Three Things You Need to Know – February 12, 2018

Kim 2.0

Kim Kardashian has got a big problem. The media has their sights set on replacing her with a new Kim 2.0. Kim Yo Jong, the sister of Kim Jong Un, was all the media could talk about this weekend.

Kim 2.0 made an appearance at the Olympics, but she didn’t bring tanks or missiles. She brought an army of red costumed smiling cheerleaders. Hmm… women dressed in red and forced to do the bidding of a tyrannical regime. You’d think since it’s all the rage right now, that the media would have went all Handmaid’s Tale on Kim 2.0, but here’s the headline that most outlets ran with: “North Korean Cheerleaders are stealing the show.”

That was from USA Today specifically regarding the cheerleaders, but CNN used the exact same headline for Kim: “Kim Jong Un’s sister is stealing the show at the Winter Olympics.”

The Washington Post called her “enthralling” and the “Ivanka Trump of North Korea.” Reuters flashed a smiling picture of Kim 2.0 and deemed her the “winner of diplomatic gold at the Olympics.”

I feel like I have to say this every week, but I have completely given up on the media. It’s comical… they actually have no idea why no one trusts them anymore. While they were glamorizing and legitimizing a mass murdering slave state, they were simultaneously vilifying MIKE PENCE. Look, I get that their opposition to Trump has made it to where they’d prop up anyone opposed to him, but this is getting out of control.

Far be it for the media to report the truth, but this is the reality. Those red-clad cheerleaders are probably the most tragic sight at the Olympics. Make no mistake, those are human slaves. Do you think they have a choice to be there? What do you think happens to their families if they make a mistake or, God forbid, run away? They’d be put to death, and every media outlet turning the Kim family into the Kardashians knows it.

And this new Kim 2.0? She’s number two behind her brother. She sits at the top of the North Korean Politburo. When Kim Jong Un gets sick, she fills in until his return. She’s responsible for the enslavement, torture, and murder of thousands upon thousands. And probably the most ridiculous thing about the media’s grotesque fawning is that her primary job - as head of North Korean State propaganda - is to put on these shows specifically to deceive the press! Is the media that gullible, that stupid, or that eager to support literally ANYONE that defies Trump?

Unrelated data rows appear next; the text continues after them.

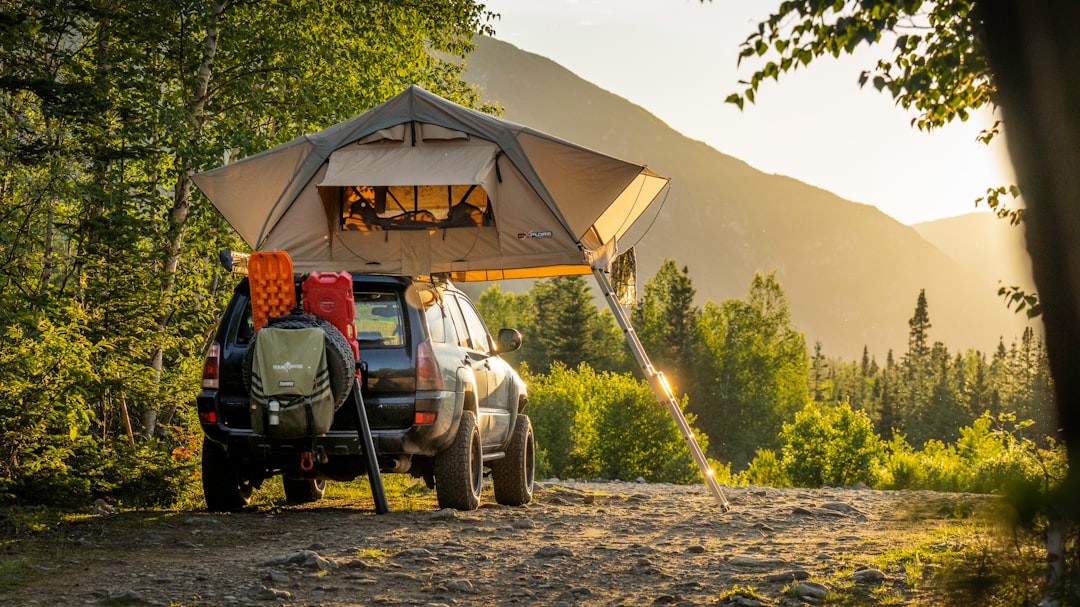 Camping gear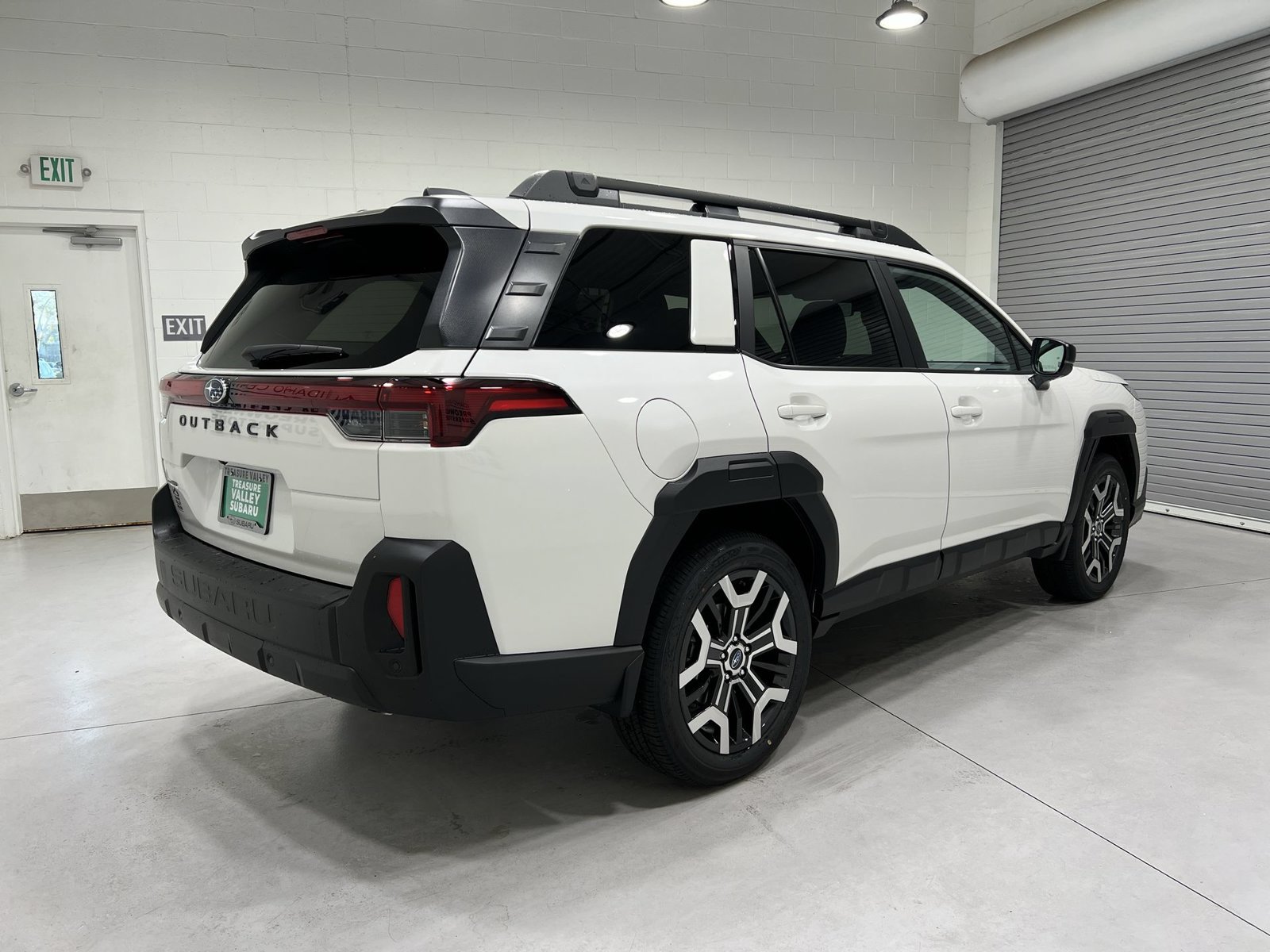 New 2026 Subaru Outback Touring XT AWD/4WD image 8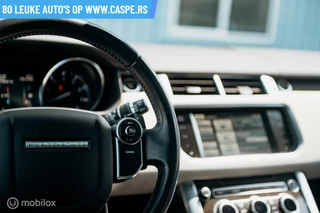 Land Rover Range Rover Sport 7p Land Rover Range Rover Sport 5.0 V8 SC HSE Dynamic 7p. - afbeelding nr 19
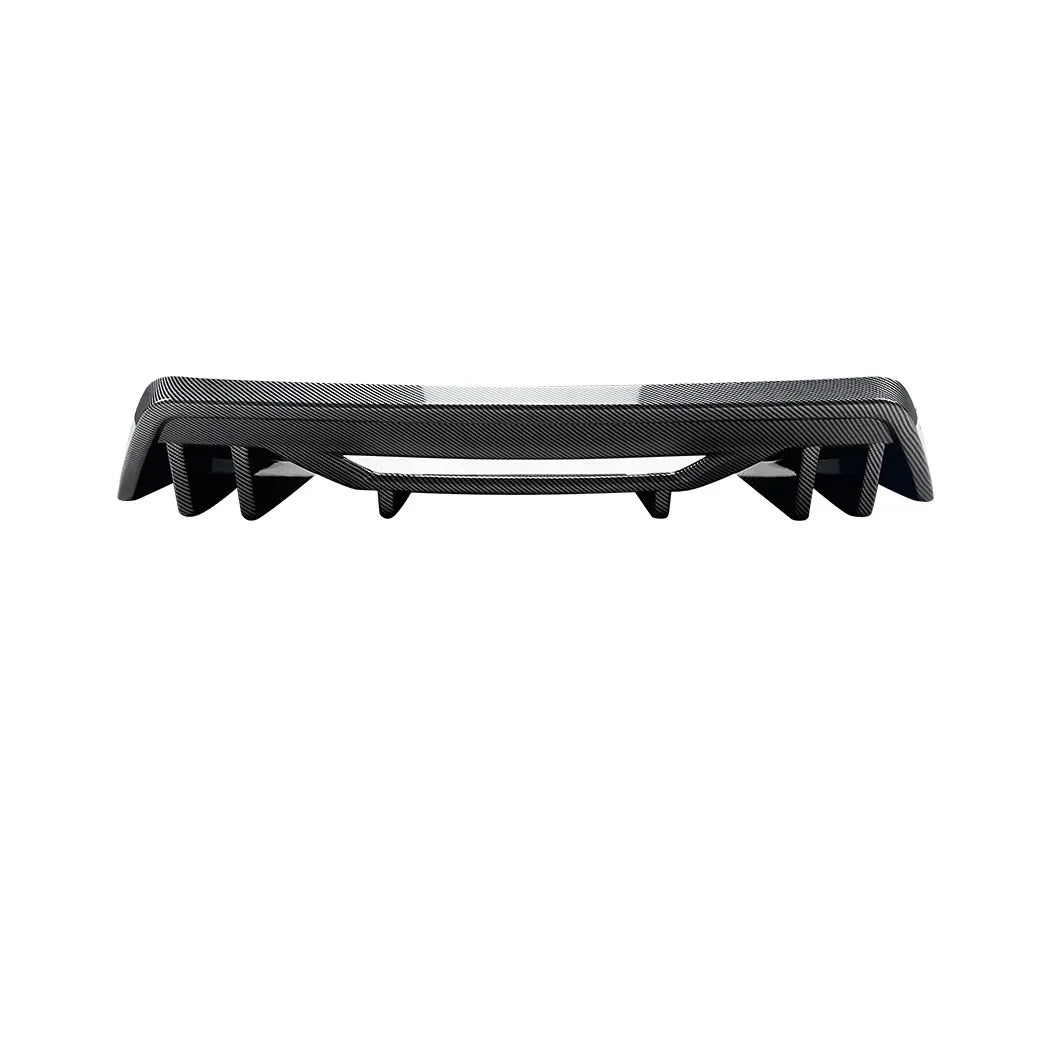 FORD S650 Mustang Rear Middle Diffuser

Imagine being Otto Warmbier’s mom and dad, flipping through the channels this weekend and having to deal with this media coverage. This is grotesque and sick. So, to the media, thank you for giving us one more reason not to trust you. Thank you for showing us who you are and what you stand for. I’m done with you.

What $1.5 trillion is going to buy us

Are the bridges and roads in your town climate-change proof?

Today, President Trump is expected to unveil the $1.5 trillion infrastructure plan that he talked about often on the campaign trail and highlighted in his State of the Union address.

The extensive repair list has apparently been prioritized and the bill tallied. Cracked bridges? Check. Crumbling roads? Check. Rusted railways? Check. Climate-change threat assessment? Oops – I knew we were forgetting something.

The federal government does not have $1.5 trillion to pay for infrastructure improvements, but according to The New York Times, that is the very least of the concern here. In their alarming story over the weekend, non-specific “engineers and researchers” say Trump’s plan is probably not taking into account that many parts of the country are “increasingly vulnerable to rising waters and other threats from a warming planet.”

Clearly, we’re just days away from having to grow gills like Kevin Costner in Waterworld, because all land is about to disappear and those science-haters in the White House aren’t factoring this into their infrastructure plan. Couldn’t they at least budget for floaties and snorkels for America’s women and children? The humanity!

According to the Times story, questioning the risk that America faces from global warming and rolling back climate change regulations is one of the Trump administration’s “defining regulatory principles.”

The climate-change crowd is beside themselves with grief that their alarm is not front and center in the government’s infrastructure planning. They say if we don’t consider now how global warming and climate changing will destroy our bridges, and roads, and drown our airports, then it will cost the country way more money in the future. That’s certainly a new strategy in promoting climate change – as the fiscally responsible thing to do.

So, the Left is concerned about how much something is going to cost the government in the future? That’s a new one too.

The climate-changers shouldn’t lose too much sleep over this one. The way parties and politicians have been switching sides lately, they’ll probably just end up dumping all of that $1.5 trillion into climate change research.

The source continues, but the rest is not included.